Description of the task:
For this exercise, copy exactly every line from the one holding "Jeep traveling through" through the end of the data, both included. Omit pictures.

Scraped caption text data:
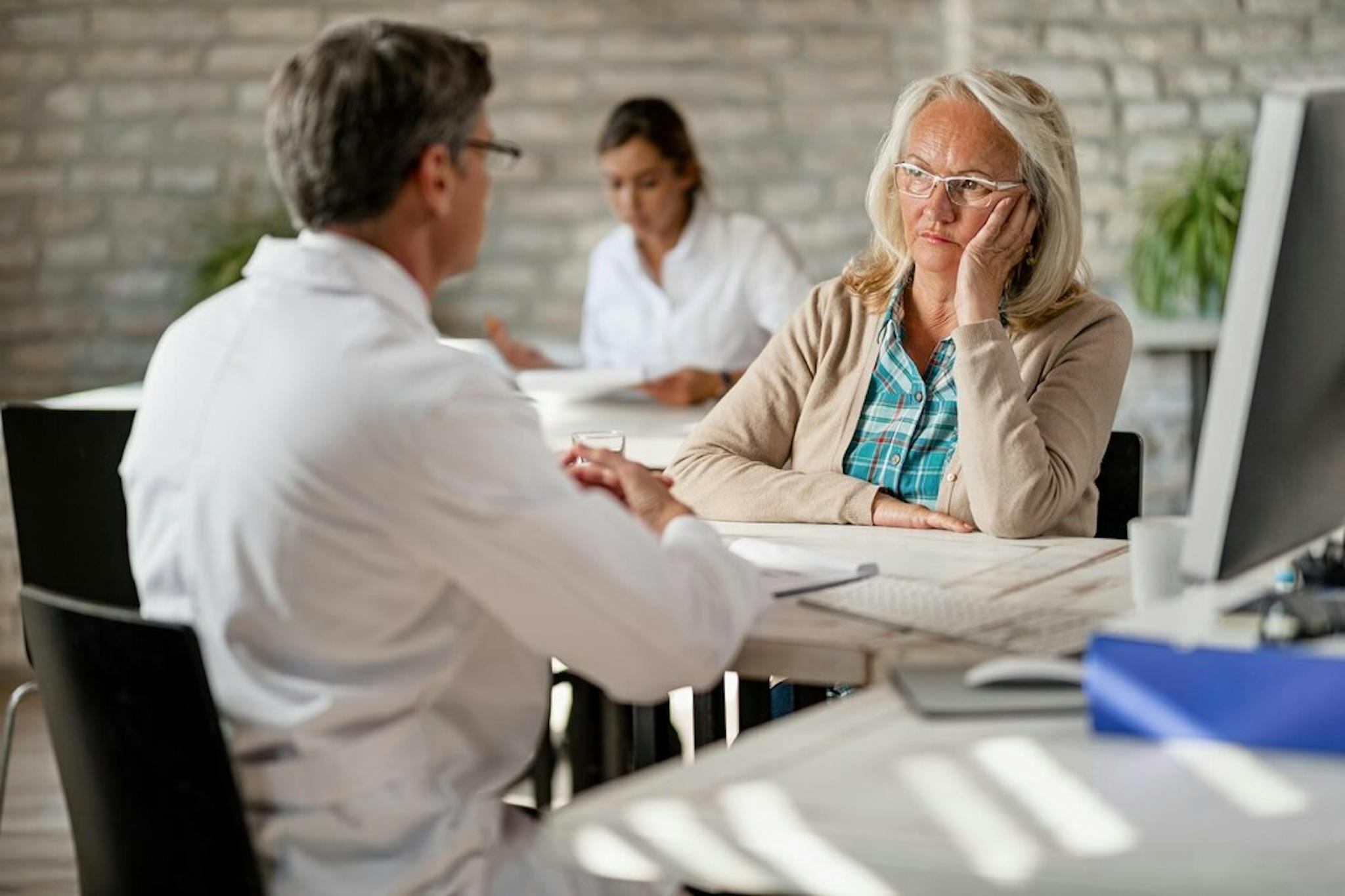 worried-mature-woman-talking-with-healthcare-worker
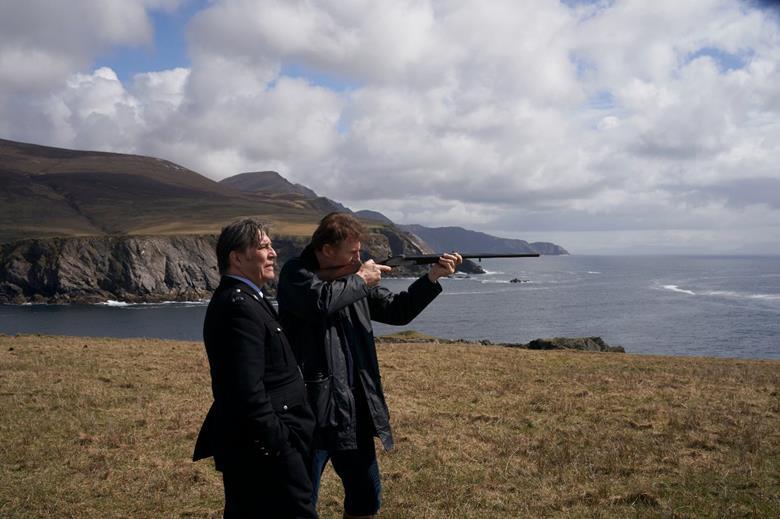 Ciaran Hinds and Liam Neeson in "In the Land of Saints and Sinners".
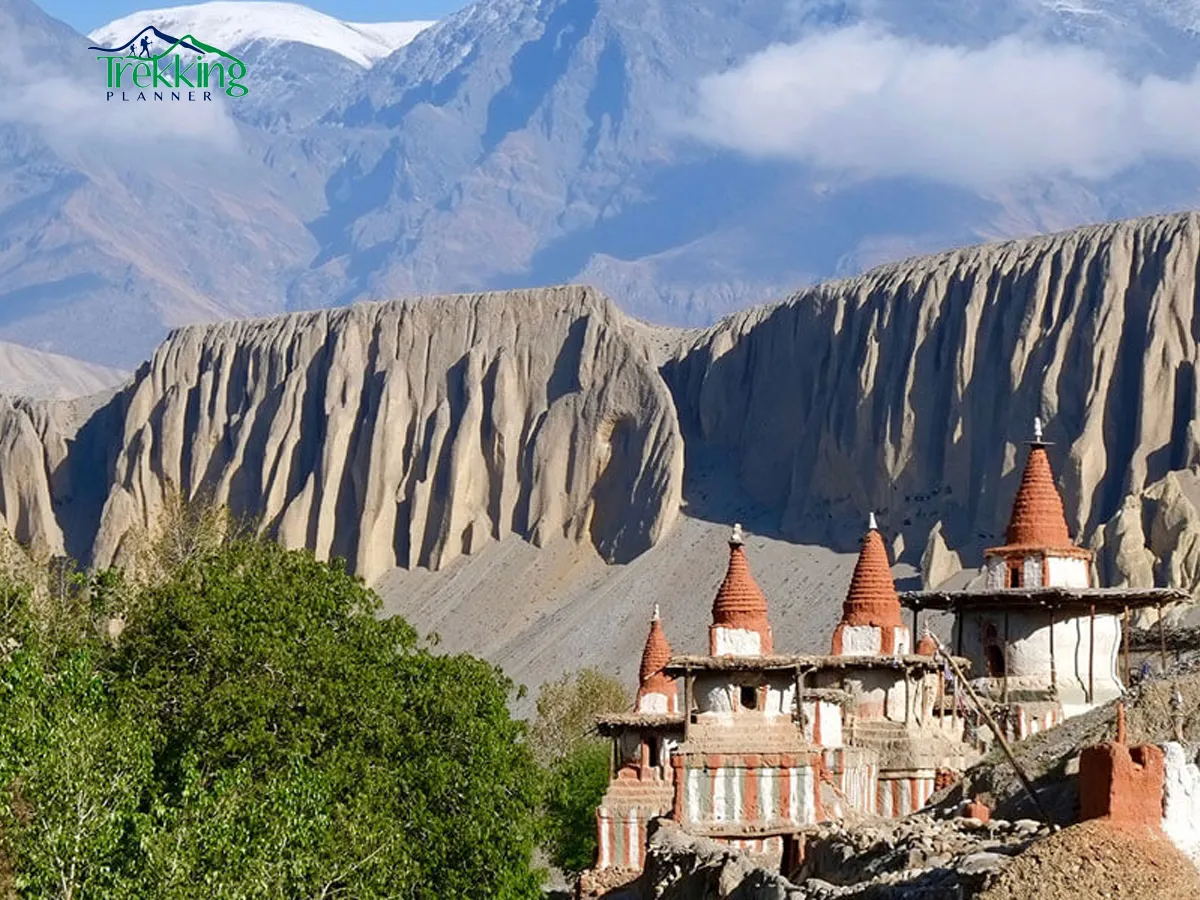 Jeep traveling through Upper Mustang valley during sunset with golden Himalayan peaks in Upper Mustang on a scenic jeep tour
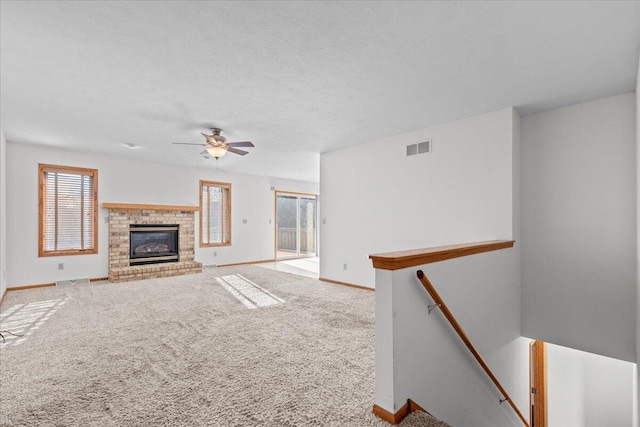 unfurnished living room with carpet floors, ceiling fan, a healthy amount of sunlight, and a fireplace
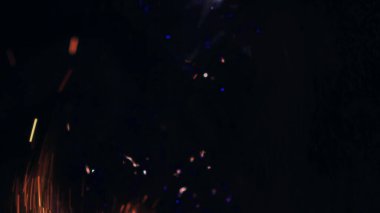 Şenlik ateşi kıvılcımlarının Macro fotoğrafı. Alevler patlar, patlamalar. Patlama mikro parlaklığı. Mini Havai fişekler. Kırmızı kamerada çekim hala siyah arkaplanda. Güzel sızıntılar kıvılcım posteri, afiş, duvar kağıdı, arkaplan, doku.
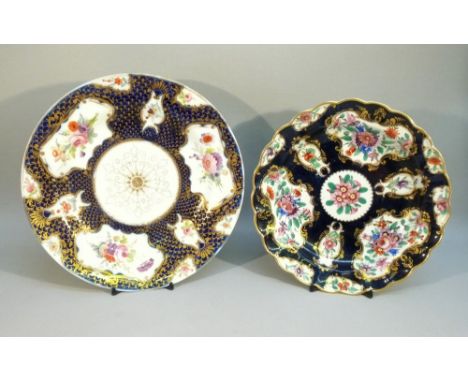 A WORCESTER STYLE REGENCY BONE CHINA CIRCULAR SHAPED DISH WITH A SCALLOP RIM PAINTED WITH RESERVES OF FLOWERS, GILT ENRICHED 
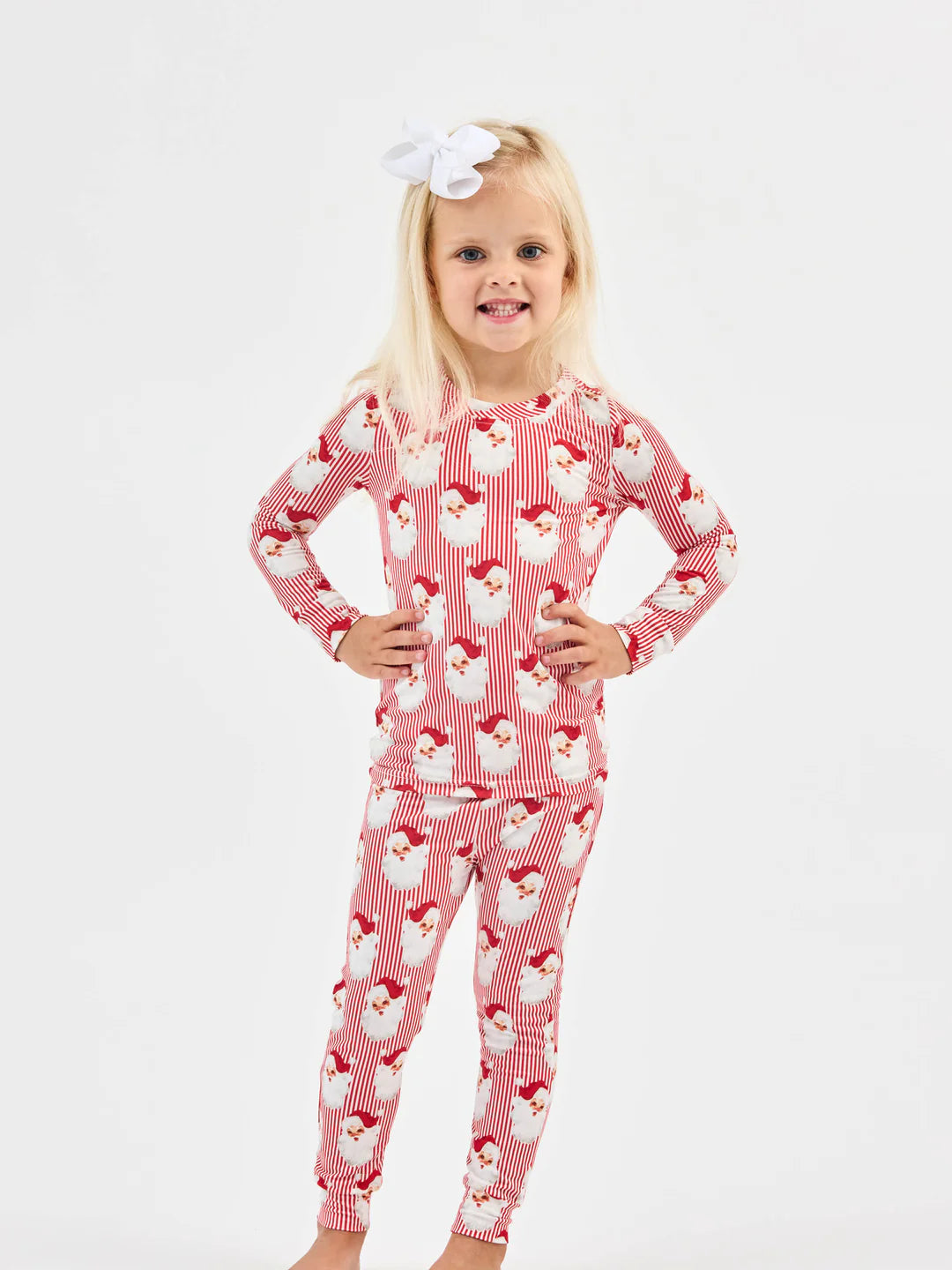Blonde toddler girl wearing red and white striped Santa-patterned Christmas pajama set with white bow headband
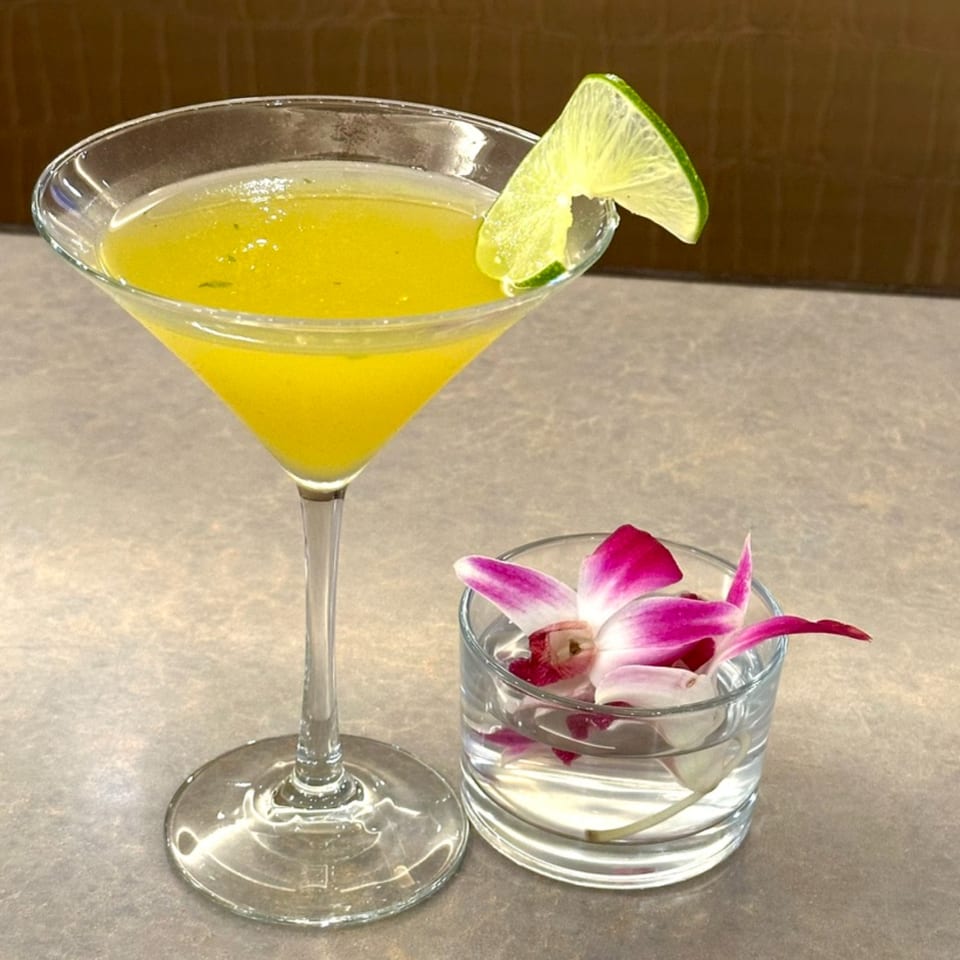 A vibrant yellow martini with a lime wedge, next to a glass with a floating pink orchid.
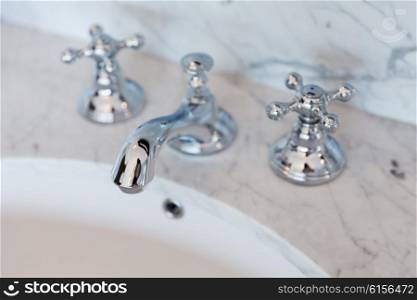 sanitary, plumbing and washing concept - close up of bath tap or faucet at bathroom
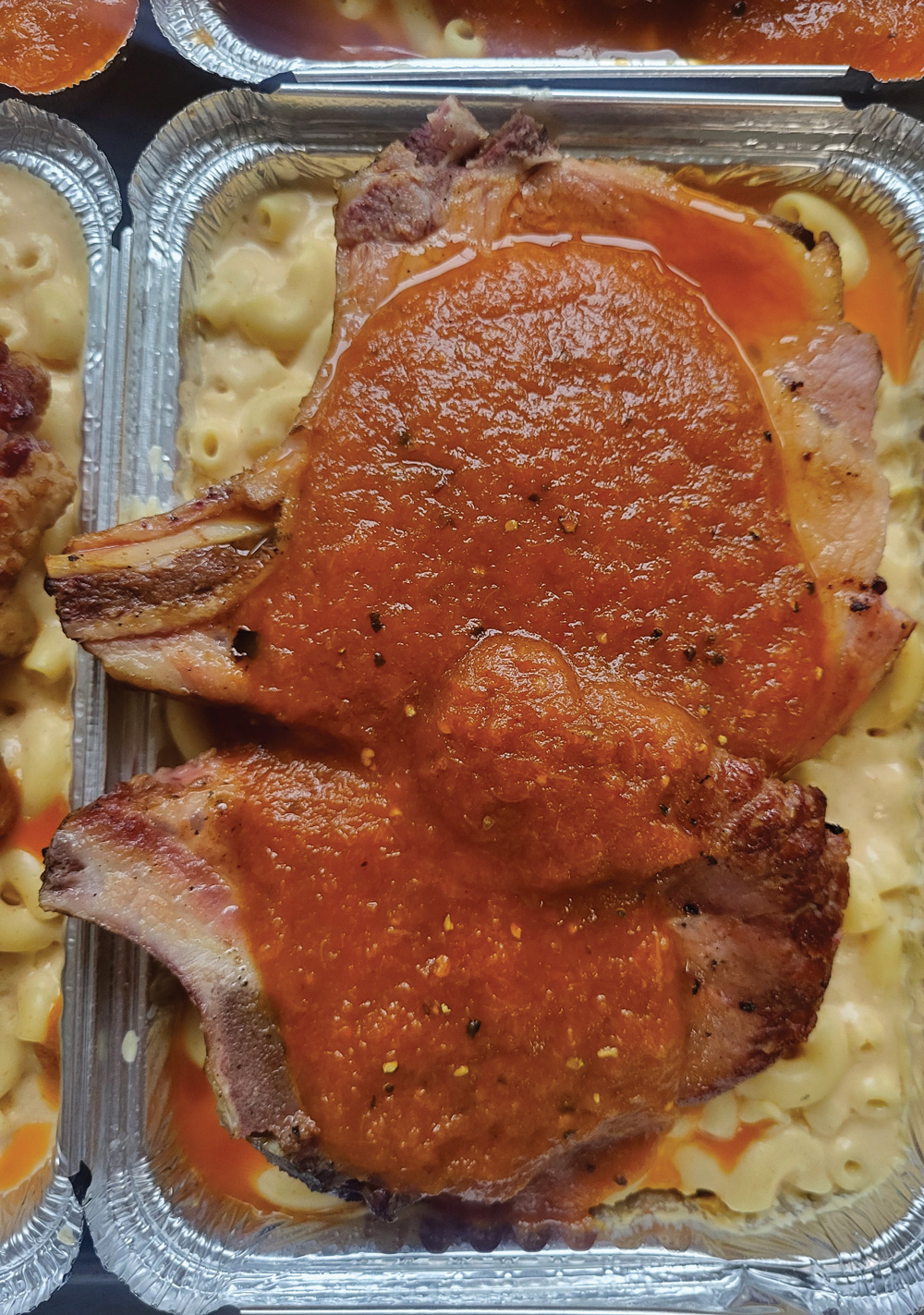 ribs on top of mac and cheese in aluminum platters from Casseroles Atlanta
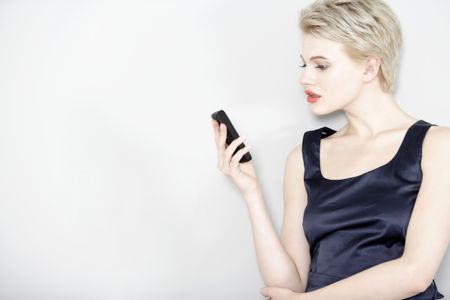 Professional business woman on her mobile phone; wearing a smart dress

Final answer:
 Jeep traveling through Upper Mustang valley during sunset with golden Himalayan peaks in Upper Mustang on a scenic jeep tour
 unfurnished living room with carpet floors, ceiling fan, a healthy amount of sunlight, and a fireplace
 Şenlik ateşi kıvılcımlarının Macro fotoğrafı. Alevler patlar, patlamalar. Patlama mikro parlaklığı. Mini Havai fişekler. Kırmızı kamerada çekim hala siyah arkaplanda. Güzel sızıntılar kıvılcım posteri, afiş, duvar kağıdı, arkaplan, doku.
 A WORCESTER STYLE REGENCY BONE CHINA CIRCULAR SHAPED DISH WITH A SCALLOP RIM PAINTED WITH RESERVES OF FLOWERS, GILT ENRICHED 
Blonde toddler girl wearing red and white striped Santa-patterned Christmas pajama set with white bow headband
 A vibrant yellow martini with a lime wedge, next to a glass with a floating pink orchid.
 sanitary, plumbing and washing concept - close up of bath tap or faucet at bathroom
 ribs on top of mac and cheese in aluminum platters from Casseroles Atlanta
 Professional business woman on her mobile phone; wearing a smart dress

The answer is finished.